Standards Set: I expect Manning, who has 11 top-six fantasy finishes in his 12 seasons to hit the solid, consistent numbers of the past few years: 4,000-4,500 yards and about 30 touchdowns.
Reason: I expect big things from Wells (ribs), as long as he stays healthy, which has been a problem for him. He'll share carries with Tim Hightower and isn't much of a PPR threat (12 catches last year), but Wells' 2009 second-half run showed what he is capable of. Arizona will become more of a running team with Matt Leinart at the helm, and their offensive line is built for mauling.

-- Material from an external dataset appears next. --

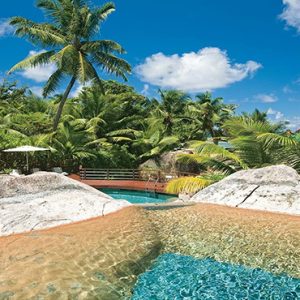 Beach Weddings Abroad Seychelles Weddings Pool2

Standards Set: I'm hoping for 1,200 yards and 10 rushing touchdowns. I'll be pleased if he catches close to 20 passes.
Reason: Most folks are skeptical that Shady can possibly be the next Brian Westbrook ... I, however, am not one of those people. He was a great value at the end of Round 3, and I am comfortable with him as my RB1 in a PPR league. Look for Kevin Kolb to dink and dunk to Westy, oops, I mean Shady, all season long.
Standards Set: I'm expecting 75 catches, minimum, and 1,400 total yards with eight total TDs.
Reason: Hakeem Nicks was taken surprisingly 10 picks prior to Smith. I still would rather have Smith who will easily get more receptions than Nicks (after getting 60 more last season), as Nicks is more of a deep threat for Eli Manning. I could have gone with a running back, but none of them really stood out to me like this high-reception receiver.
Standards Set: 80 receptions, 1,100 receiving yards, eight touchdowns. My expectations are a little less than what he did last year in the reception department, but that's still quality for my second or third wide receiver.